RAVENSWOOD — The delayed police response to an attack in Ravenswood on Saturday — in which bleach was thrown in a woman's face during an attempted robbery just blocks from Mayor Rahm Emanuel's house — had residents swarming the Internet with angry comments about too few officers being assigned to North Side neighborhoods.
A witness on the scene estimated that neighbors waited with the victim for 30 minutes before an officer arrived.
"Despicable," one neighbor posted online.
"Explain why a city with some of the highest taxes in the U.S. can't provide enough police coverage to respond to a violent, armed attack on one of its citizens," another resident said.
Cmdr. Elias Voulgaris of the Town Hall Police District responded to those complaints on Tuesday via an email to DNAinfo Chicago.
"It was a dispatch error on the original call," Voulgaris said. "The dispatcher's supervisor has pulled an investigation into the incident so I can't really comment on that."
As additional calls were made to 911 regarding the incident, which occurred in the 4400 block of North Paulina Street about 3:20 p.m., a second call was dispatched and an officer responded, Voulgaris said.
"Yes there was time lost between the first/original call and the second/subsequent call," the commander said. "The officer who received the assignment acknowledged the assignment immediately."

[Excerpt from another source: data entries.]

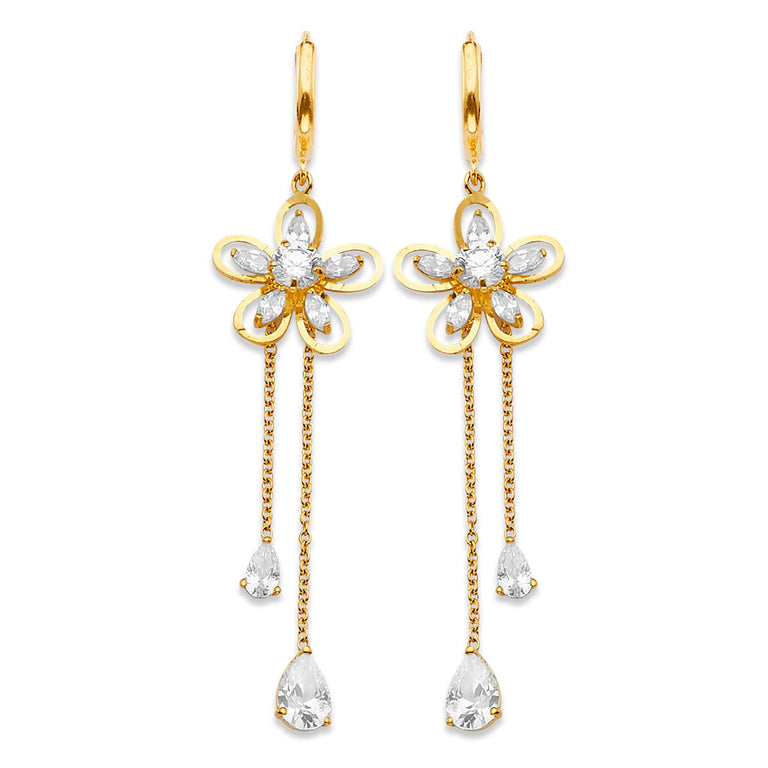 #16221 - Flower Tassel Earrings with White CZ in 14K Gold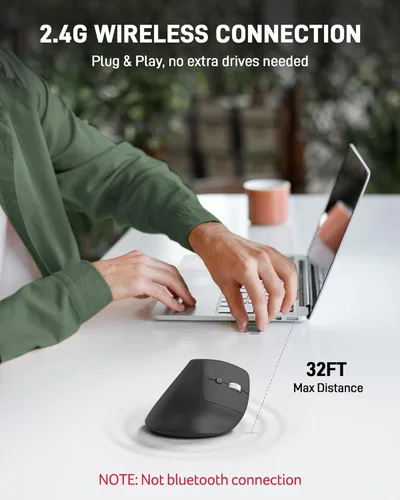 Miniatura 3 de Acer Ratón Ergonómico Inalámbrico, Ratón Vertical con DPI Ajustable 1000/1200/1600 con 6 Botones, Ratón Ergo Recargable con Receptor USB de 2.4GHz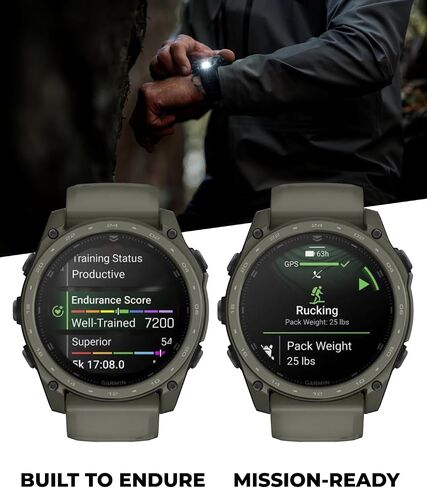 Garmin Tactix 8 51mm Cerakоtе, Premium Tactical GPS Smartwatch, AMOLED Display, Applied Ballistics Solver, Olive Drab Cerakоtе Coating Black Earbuds Bundle in Kuwait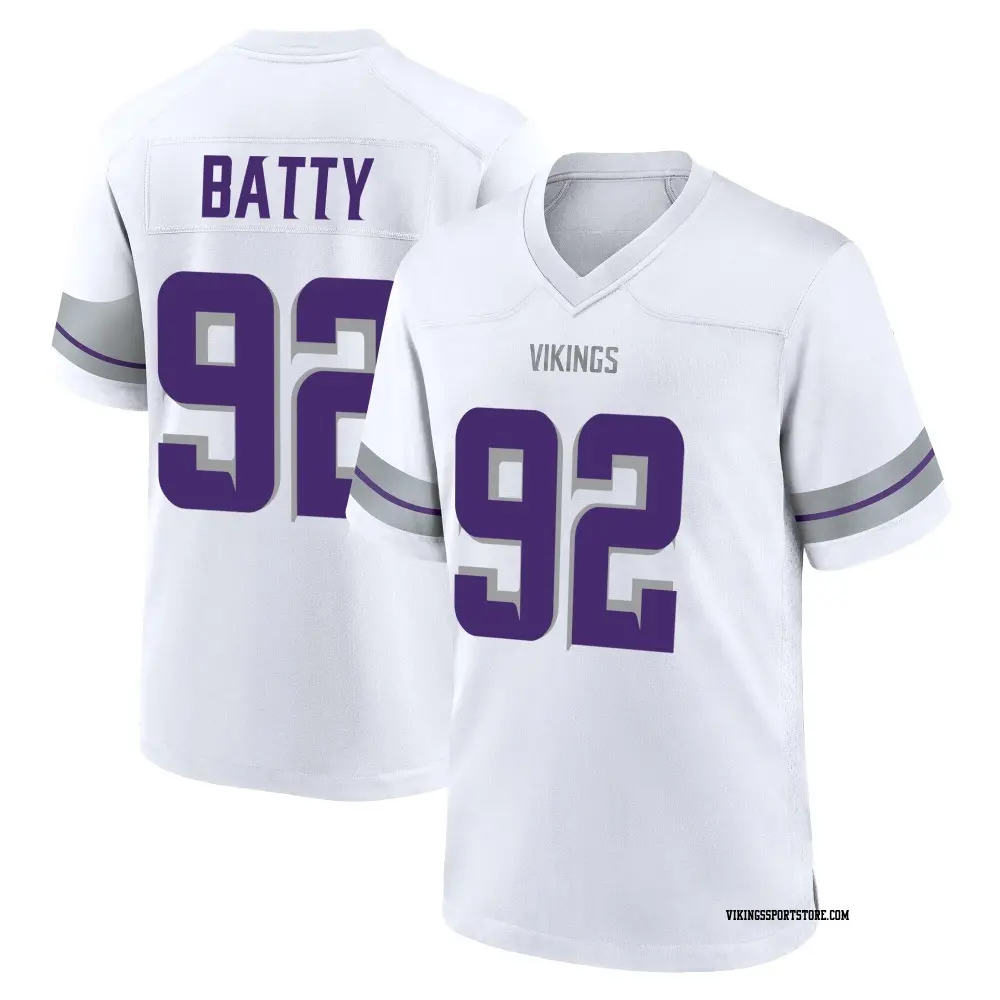 Game White Men's Tyler Batty Minnesota Vikings Alternate Jersey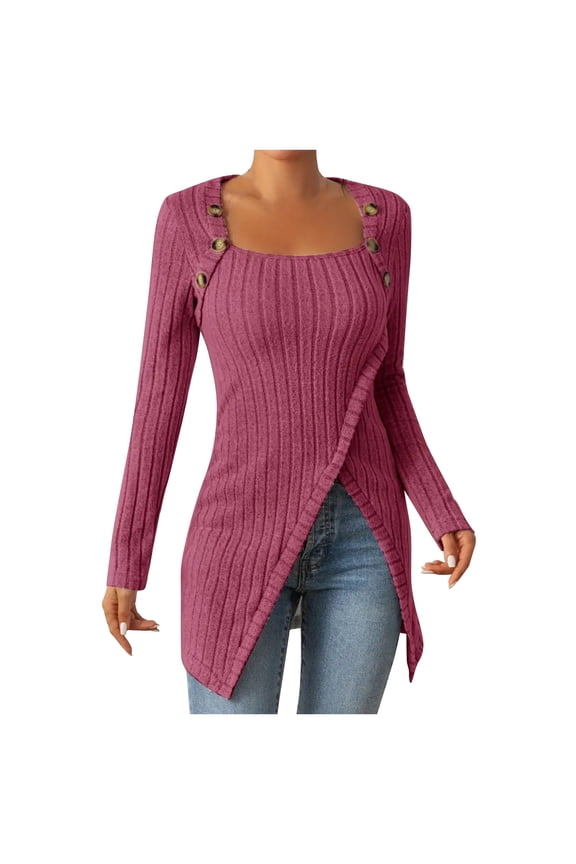 Sweaters for Women Lightweight Asymmetrical Hem Long Sleeve Shirts Casual Fall Button Tunic Tops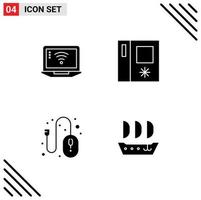 Set of 4 Vector Solid Glyphs on Grid for laptop mouse wifi side by side argosy Editable Vector Design Elements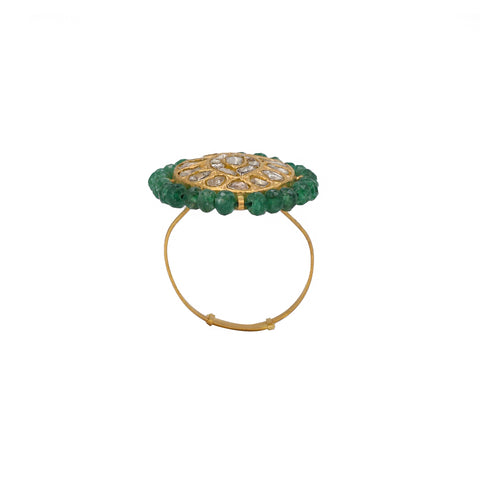 Gold Polki Diamond Ring (Hallmark 91.6)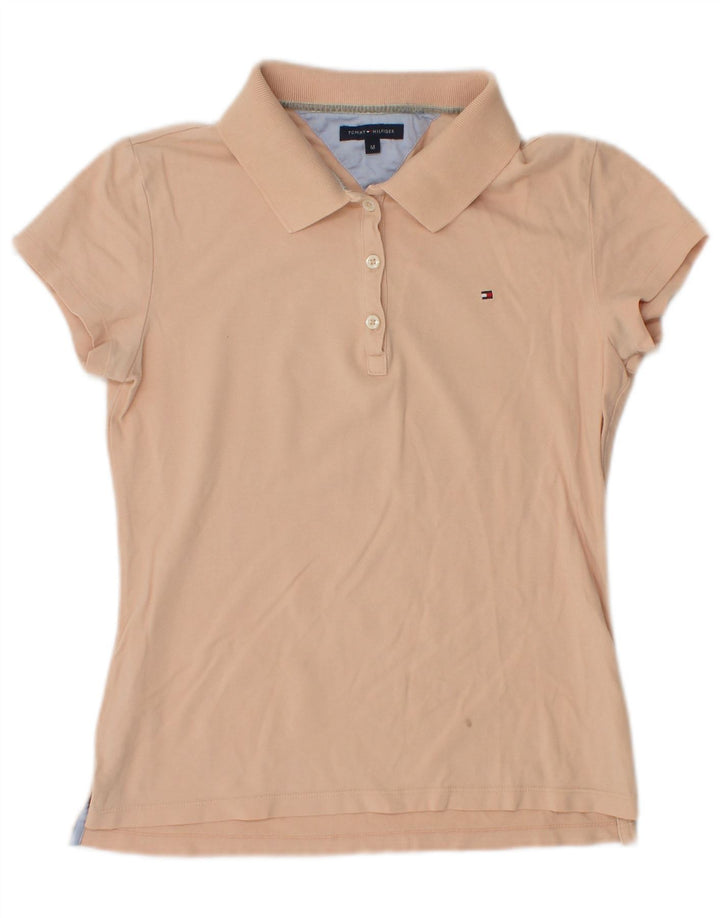 Tommy Hilfiger Womens Polo Shirt UK 12 Medium Orange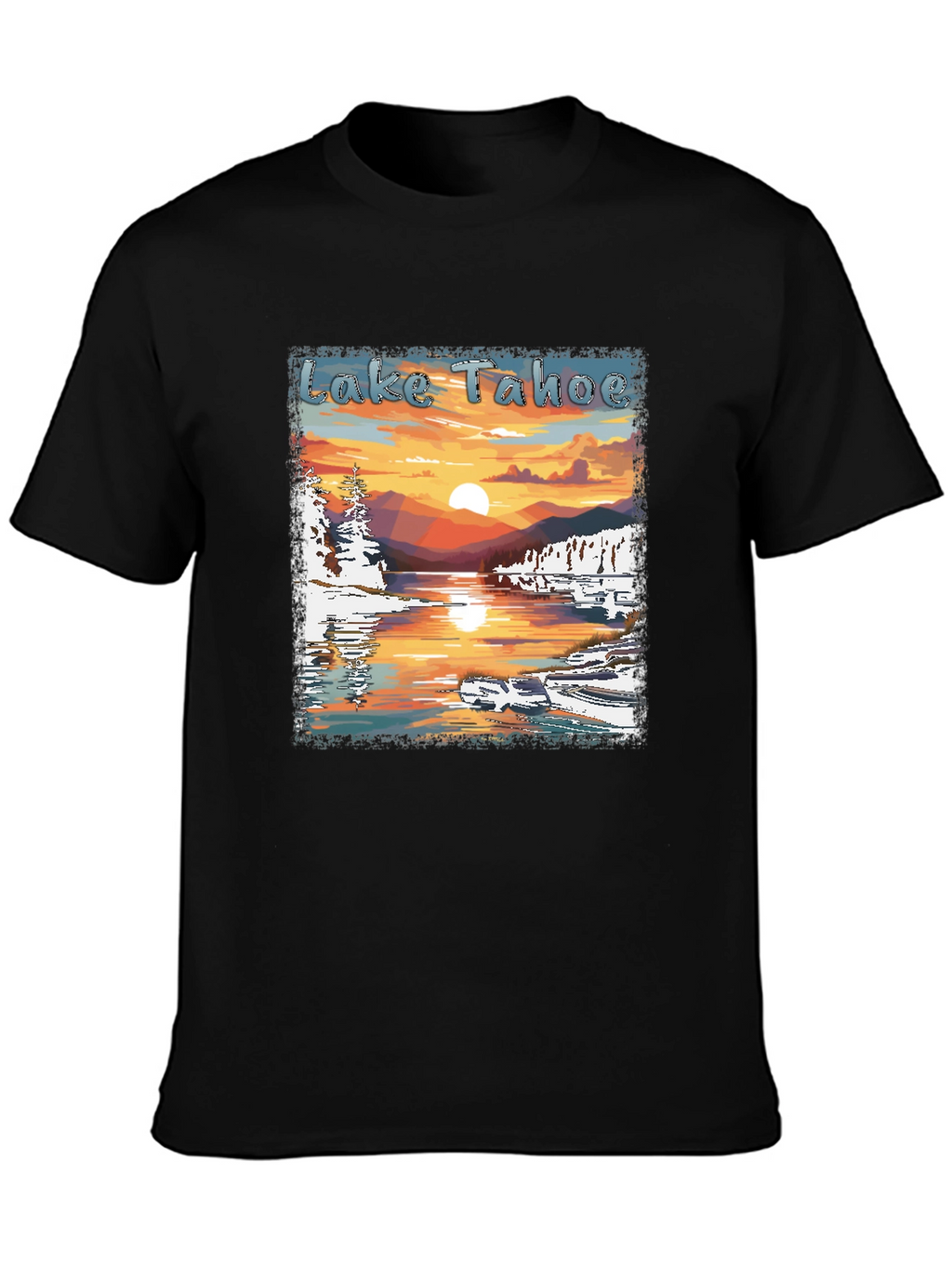Lake Tahoe Sunset Graphic Tee - Nature Lover Shirt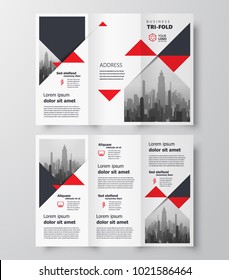 Triangles theme Tri-fold business brochure design template red color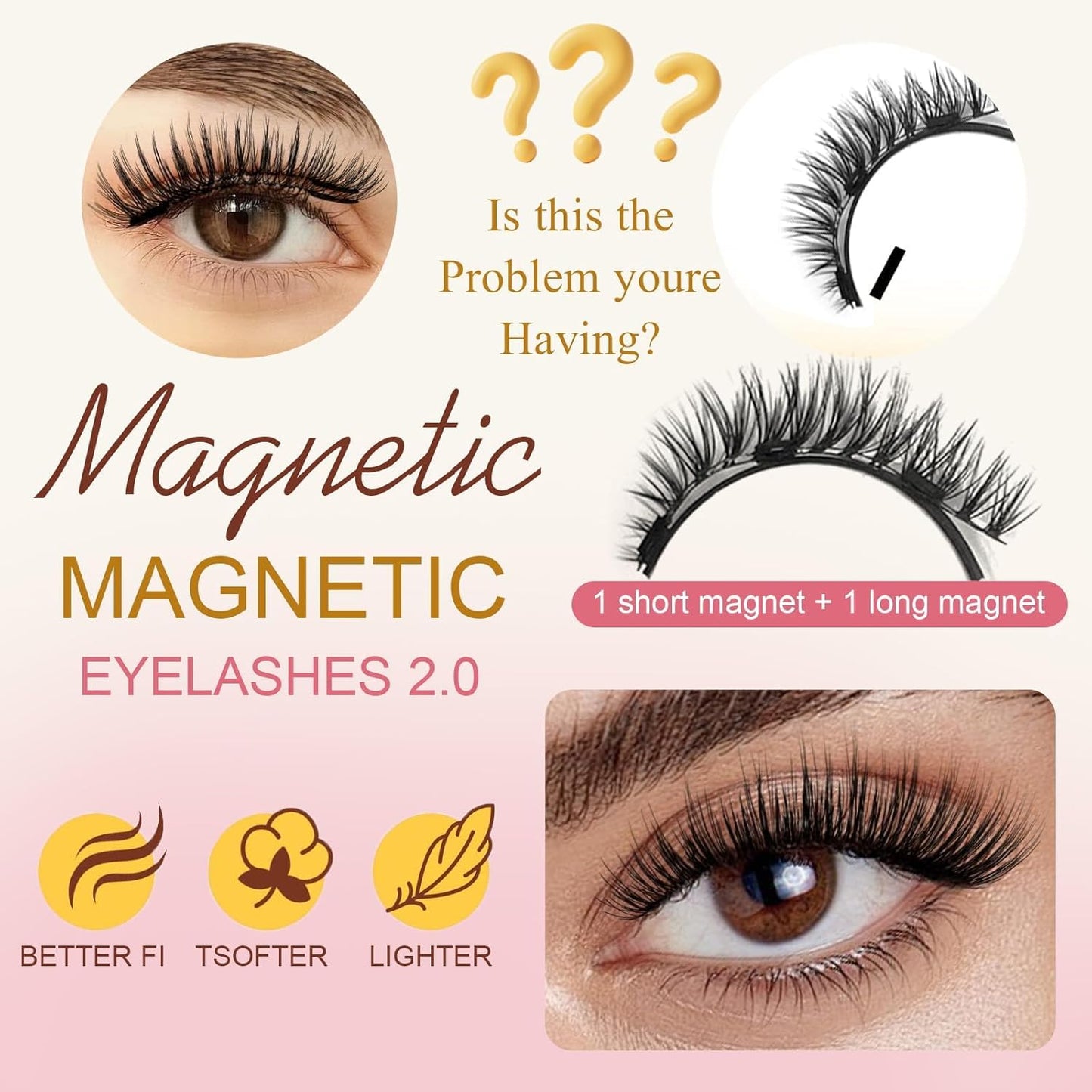 Ealra Craft Magnetic Eyelashes with Applicator,Lumentes Magnetic Eyelashes,3D Soft Flex,Reusable No Glue Needed Soft Lashes for Wmen with All-Day Wear(Natural#04)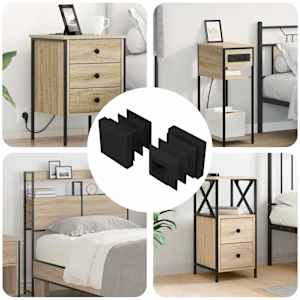 Končne kapice 2 pcs Črna 15 x 15 x 15 mm PP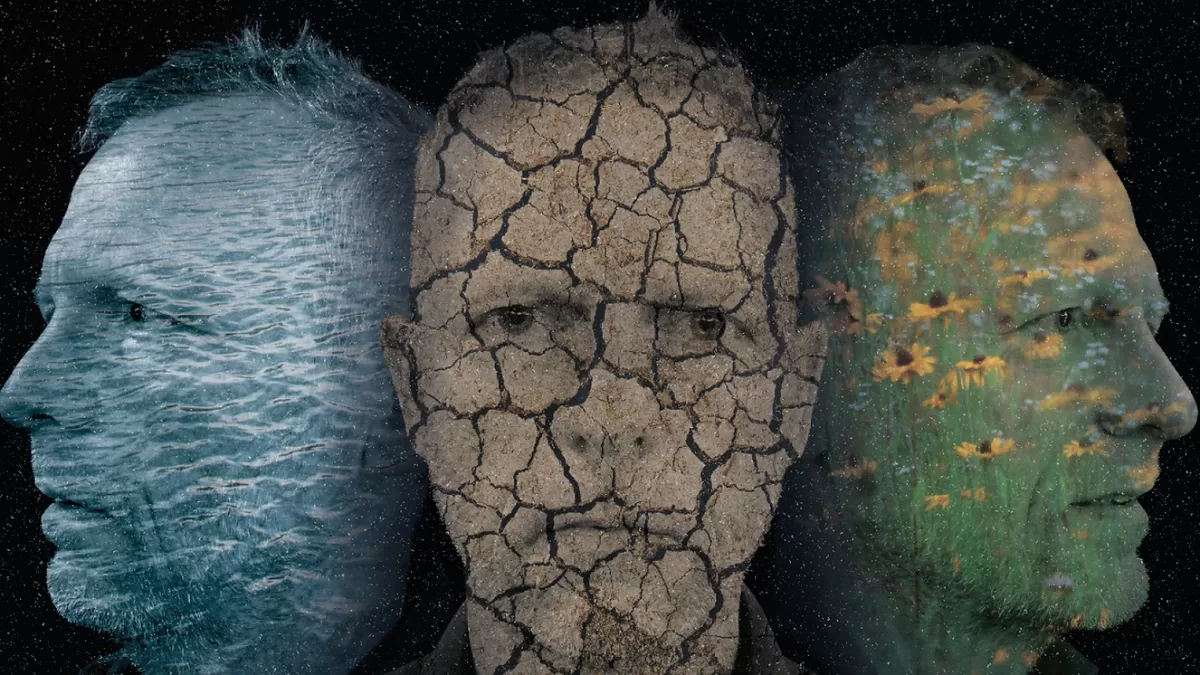Three images of a man's face. One is overlayed with a water image, one overlayed is cracked earth and one is overlayed with images of flowers. Three images of a man's face. One is overlayed with a water image, one overlayed is cracked earth and one is overlayed with images of flowers.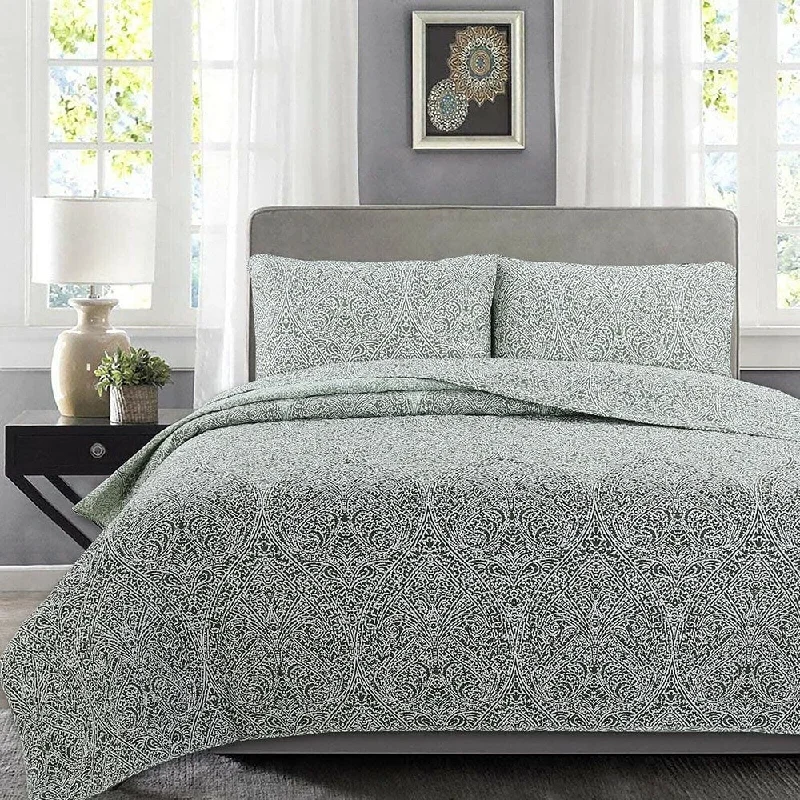 3pc Full/Queen Ombre Leaf Reversible Quilt Set Sage Forest Green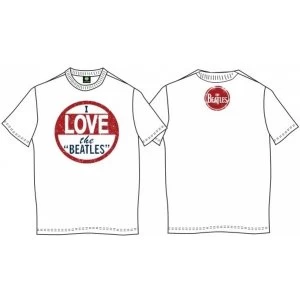 The Beatles 'I Love The Beatles' Vintage Mens Medium T-Shirt - White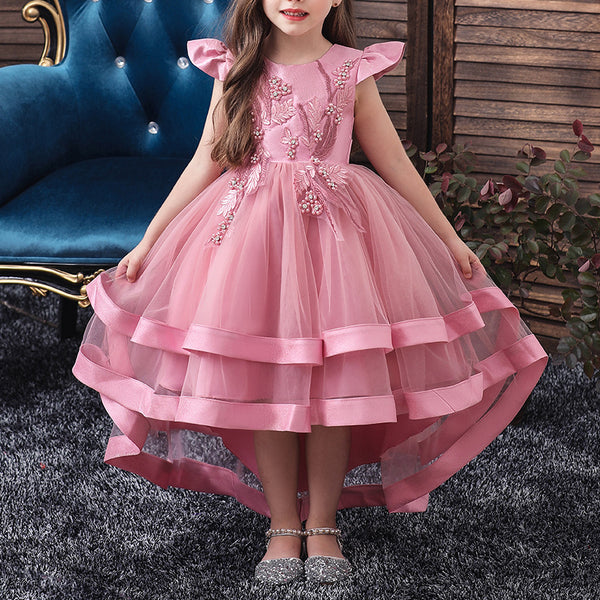 Girl Birthday Party Princess Dress Embroidered Fluffy Tail Pageant Dress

Ald. Ameya Pawar (47th) acknowledged a mistake had been made but further clarified the lag between calls made to 911 regarding the attack and the time at which the officer arrived at the scene.
Where the life of a victim is in danger, paramedics are sent to immediately tend to the injured person, he said, while police officers chase after suspects.
"The officer went to look for suspects first," he said. "When they didn't find the suspects, they went to the victim."
The Crime in Wrigleyville + Boystown blog continues to assert that rather than dispatch error, the delay was due to a lack of manpower in the Town Hall District, resulting in a "Radio Assignments Pending" status, meaning there are no officers available to respond.
While not denying that does occur at times, Voulgaris said, "In this case it was not the cause in the response time."